Le conseguenze non si sono fatte attendere. Mio figlio ha iniziato a vivere la scuola con grande ansia, sentendosi giudicato, umiliato e messo sotto pressione. Al rientro da scuola ha manifestato comportamenti problematici e, purtroppo, anche episodi di autolesionismo. Questa situazione ci ha costretti a chiedere supporto psicologico: mio figlio sta seguendo sedute con una psicologa per cercare di gestire lo stress e la sofferenza che questa ingiustizia gli sta causando.

Voglio dirlo chiaramente: questo non è solo un errore educativo. È una violazione gravissima dei suoi diritti, e un fallimento totale del sistema scolastico nel suo dovere più importante: tutelare e valorizzare ogni alunno, soprattutto i più fragili.

Ricordo che:

  • La Legge 104/92 garantisce il diritto all’inclusione scolastica degli alunni con disabilità.ù
  • Il D.Lgs. 66/2017 rafforza questo diritto attraverso l’obbligo di predisporre un PEI che sia rispettato nella progettazione didattica e nella valutazione.
  • La Convenzione ONU sui Diritti delle Persone con Disabilità, ratificata con Legge 18/2009, stabilisce che nessuno studente può essere escluso o penalizzato a causa della sua disabilità.
  • Le Linee Guida ministeriali sull’autismo sottolineano l’importanza della formazione del personale scolastico e della progettazione individualizzata.

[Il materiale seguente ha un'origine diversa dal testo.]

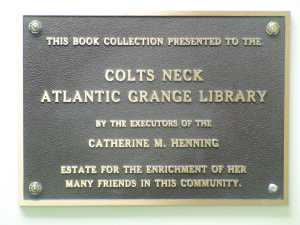 The library plaque for the Catherine "Kitty" Marshall Henning cookbook collection at the Colts Neck Library. 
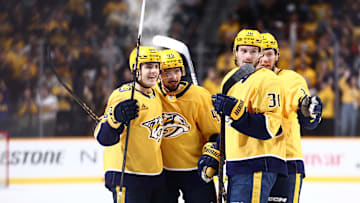 Oct 26, 2024; Nashville, Tennessee, USA; Nashville Predators celebrate with defenseman Alexandre Carrier (45) after a goal in the third period against the Columbus Blue Jackets at Bridgestone Arena. Mandatory Credit: Casey Gower-Imagn Images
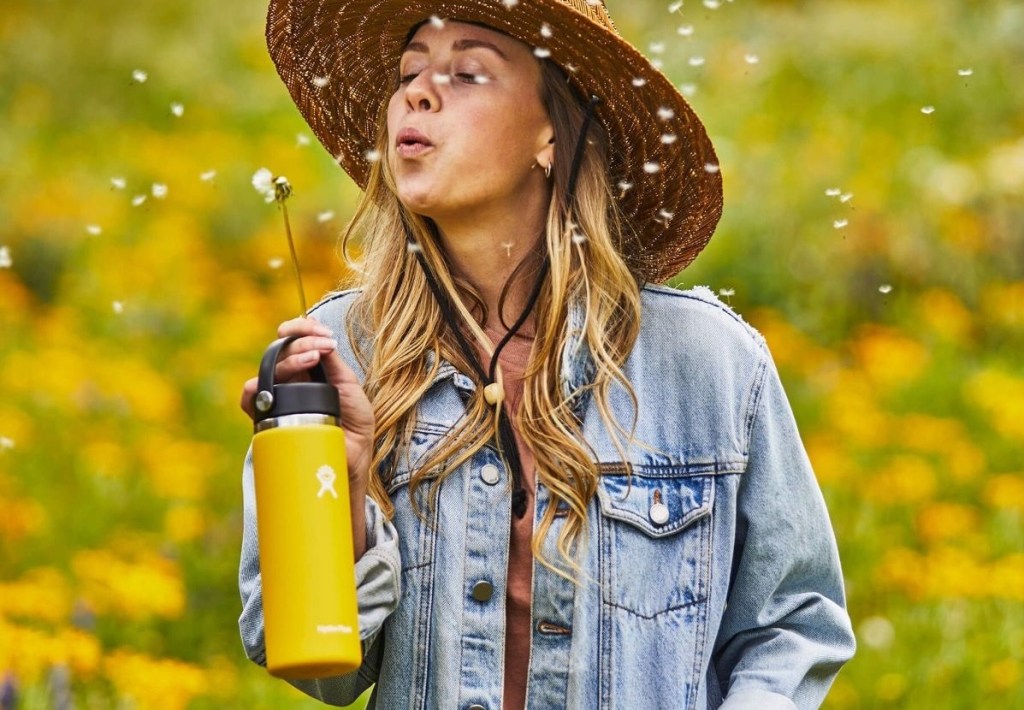 woman blowing on a dandelion while carrying a Hydro Flask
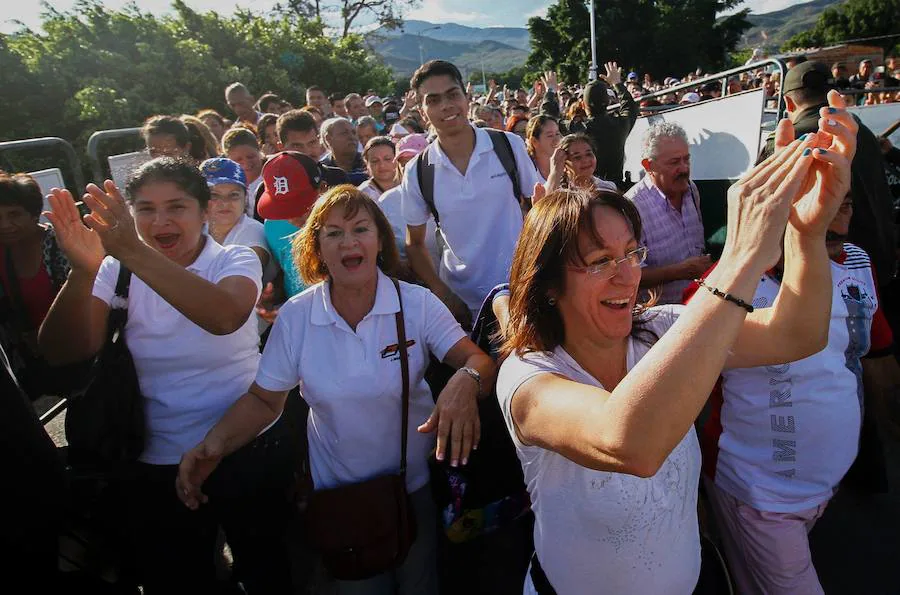 Venezolanos entusiasmados aplauden al cruzar la frontera con Colombia para comprar alimentos. 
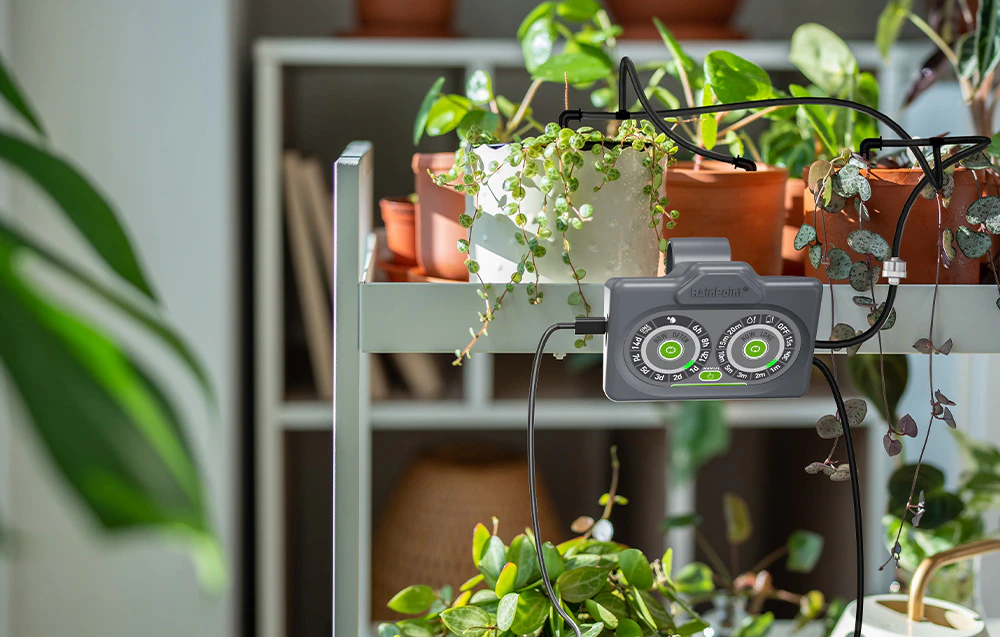 Controler de irigare RainPoint® montat pe un raft alb cu plante în ghivece, prezentând sistemul de tuburi negre care alimentează cu apă ghivecele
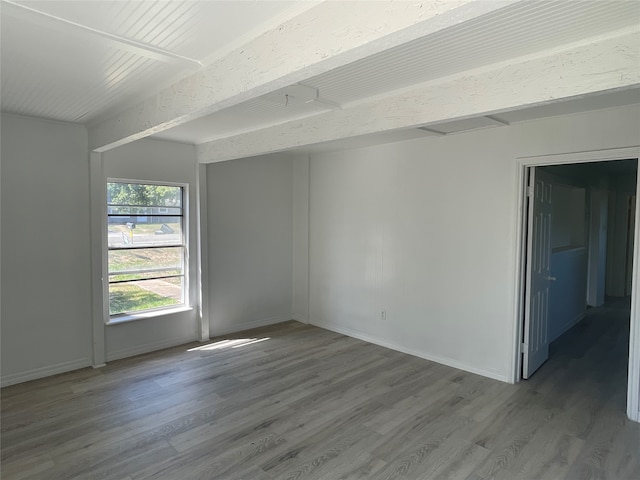 empty room featuring wood-type flooring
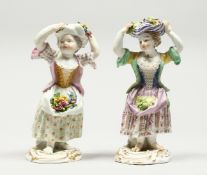 TWO SMALL MEISSEN PORCELAIN FIGURES OF YOUNG GIRLS holding a bundle above their head , with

La scuola ha il dovere legale e morale di rispettare il PEI di mio figlio e di applicare criteri di valutazione coerenti con il suo percorso personalizzato. Valutarlo con le stesse modalità degli altri studenti, ignorando le sue caratteristiche e i suoi diritti, è una forma di discriminazione. E causargli un disagio così profondo da richiedere un supporto psicologico, è un fallimento educativo e umano che non può essere ignorato.

Mio figlio ha diritto a un futuro. Ha diritto a una scuola che non lo faccia sentire sbagliato, inadeguato o invisibile. Questa è una battaglia che non riguarda solo la mia famiglia: riguarda tutte le famiglie che si battono per un’istruzione inclusiva, rispettosa e umana.

E io, come madre, non ho intenzione di arrendermi”.